The frequency of elevated biomarkers reflecting myocardial injury, coagulation, and inflammation in COVID-19 and associations with in-hospital outcomes. A, Venn diagram illustrating overlap of elevated biomarkers at the time of initial hospital presentation in patients with COVID-19 and ≥1 elevated biomarker (n=2699). One hundred ninety-six patients had no elevated biomarkers. The proportion of patients with in-hospital mortality (B) and critical illness (C) are shown stratified by the number of elevated biomarkers measured at hospital presentation with COVID-19. Odds ratios (versus 0 biomarkers elevated) shown in B and C are adjusted for age, sex, race, body mass index, tobacco use, hypertension, hyperlipidemia, diabetes, chronic kidney disease, prior myocardial infarction, prior heart failure, atrial fibrillation, temperature at presentation, pulse oximetry at presentation, and outpatient prescriptions for antiplatelets, statin, and β-blockers. aOR indicates adjusted odds ratio; and CRP, C-reactive protein.

In this analysis of patients with COVID-19, 93% had myocardial injury, abnormalities in coagulation, or marked inflammation at hospital presentation.

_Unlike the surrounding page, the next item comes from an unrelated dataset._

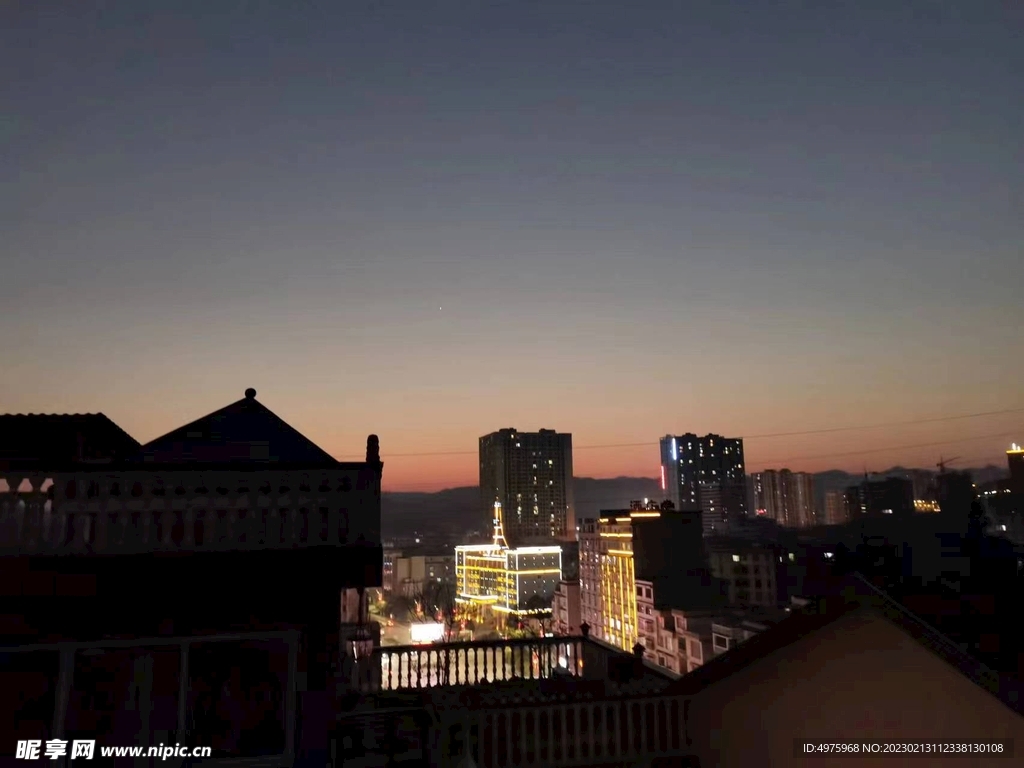 咸丰夜景一角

The combination of abnormalities across these pathobiological axes of disease provided incremental prognostic information for risk stratification. Patients with 1, 2, and 3 elevated biomarkers had 3-, 6-, and 11-fold higher adjusted odds of death, respectively, compared with patients who had COVID-19 with no elevated biomarkers at presentation. These findings extend prior observations on the prognostic nature of these biomarkers in COVID-19 and provide a framework for rapid estimation of risk.

This study was retrospective, and selection bias cannot be excluded. Only in-hospital events were recorded. We used dichotomous biomarker data to generate a simple scoring system for clinical use. A threshold higher than the ULN was selected for CRP, myocardial injury was defined by site-specific values for the cTn ULN, and high-sensitivity cTn assays were not used. Last, a separate validation cohort was not available. Still, a simple multimarker strategy, in which patients are categorized based on the number of elevated biomarkers, was effective to identify patients at risk for in-hospital adverse events.

Sources of Funding

Dr Smilowitz is supported, in part, by the National Heart, Lung, and Blood Institute of the National Institutes of Health (grant no. K23HL150315). Dr Newman is funded, in part, by the National Heart, Lung, and Blood Institute of the National Institutes of Health (grant no. K23HL125991). Dr Berger is funded, in part, by the National Heart, Lung, and Blood Institute of the National Institutes of Health (grant no. R01HL139909 and R35HL144993).

Disclosures

Dr Smilowitz reports consulting for Abbott Vascular. The remaining authors report no conflicts.